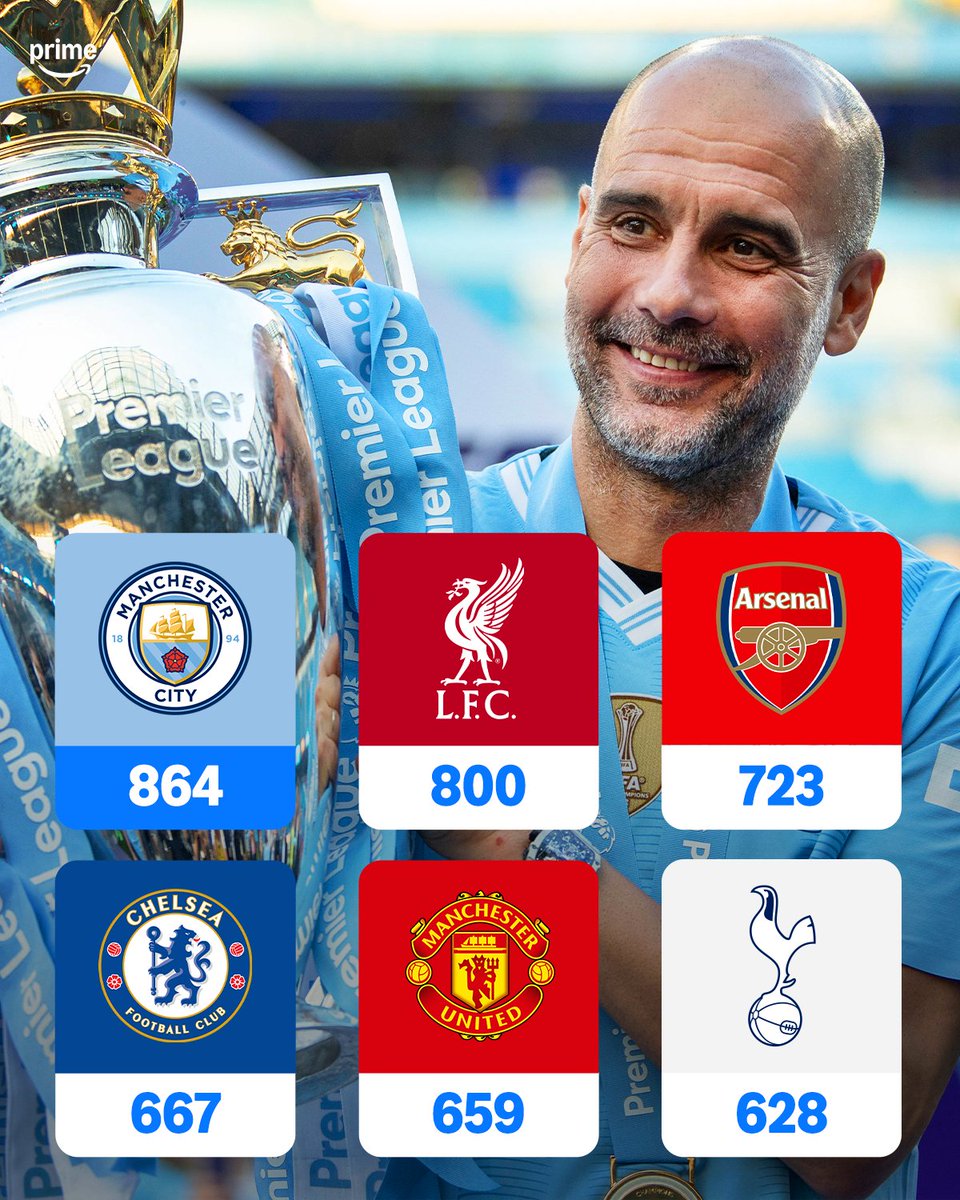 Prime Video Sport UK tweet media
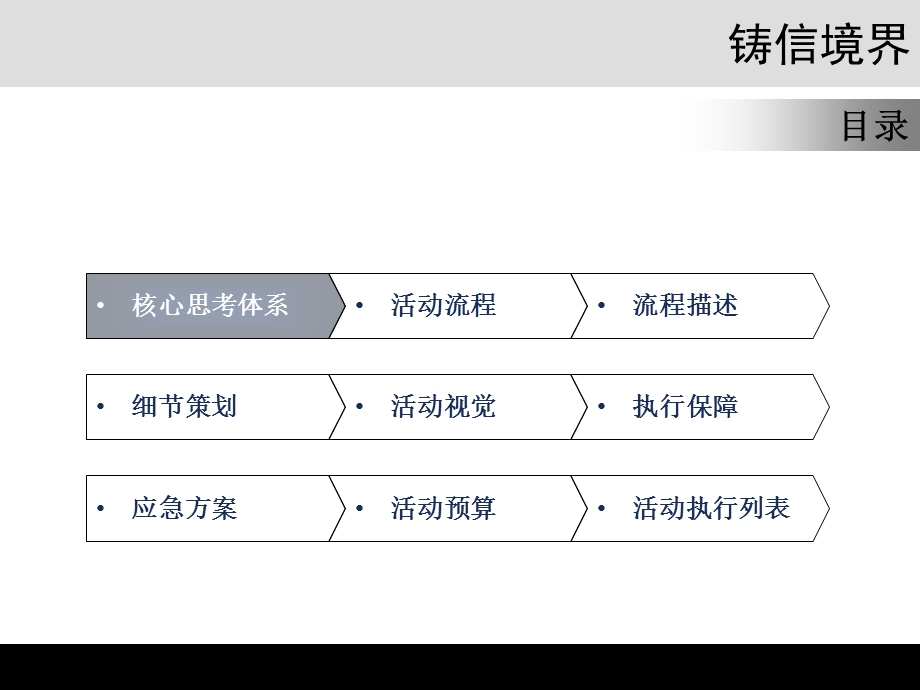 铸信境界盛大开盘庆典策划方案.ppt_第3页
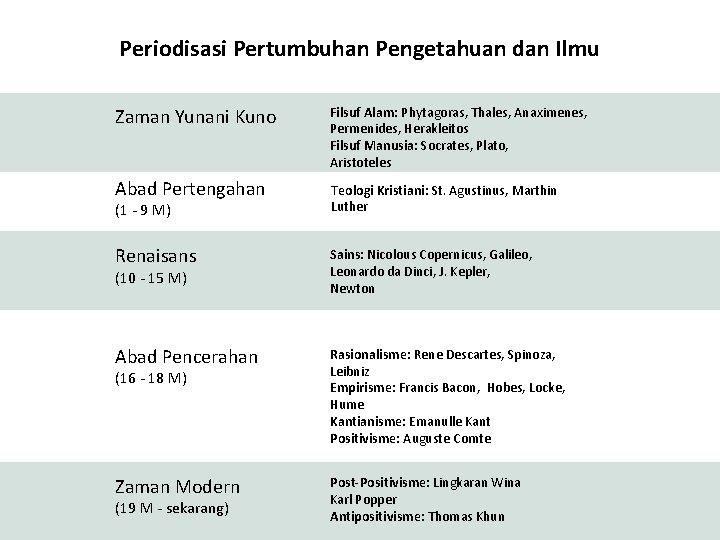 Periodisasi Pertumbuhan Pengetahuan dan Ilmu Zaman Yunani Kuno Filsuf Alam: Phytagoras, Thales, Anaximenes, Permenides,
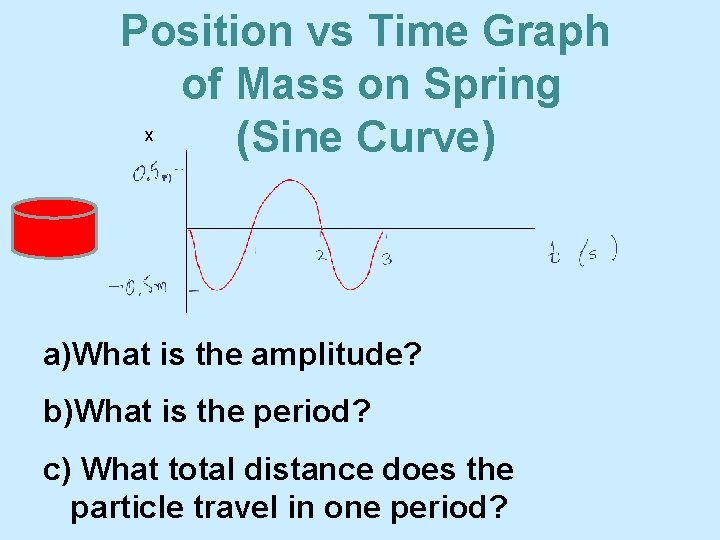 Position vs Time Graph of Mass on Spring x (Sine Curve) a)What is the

Task to carry out
Please retype the material above exactly, and omit its images.

Written solution
 Prime Video Sport UK tweet media
 铸信境界盛大开盘庆典策划方案.ppt_第3页
 Periodisasi Pertumbuhan Pengetahuan dan Ilmu Zaman Yunani Kuno Filsuf Alam: Phytagoras, Thales, Anaximenes, Permenides,
 Position vs Time Graph of Mass on Spring x (Sine Curve) a)What is the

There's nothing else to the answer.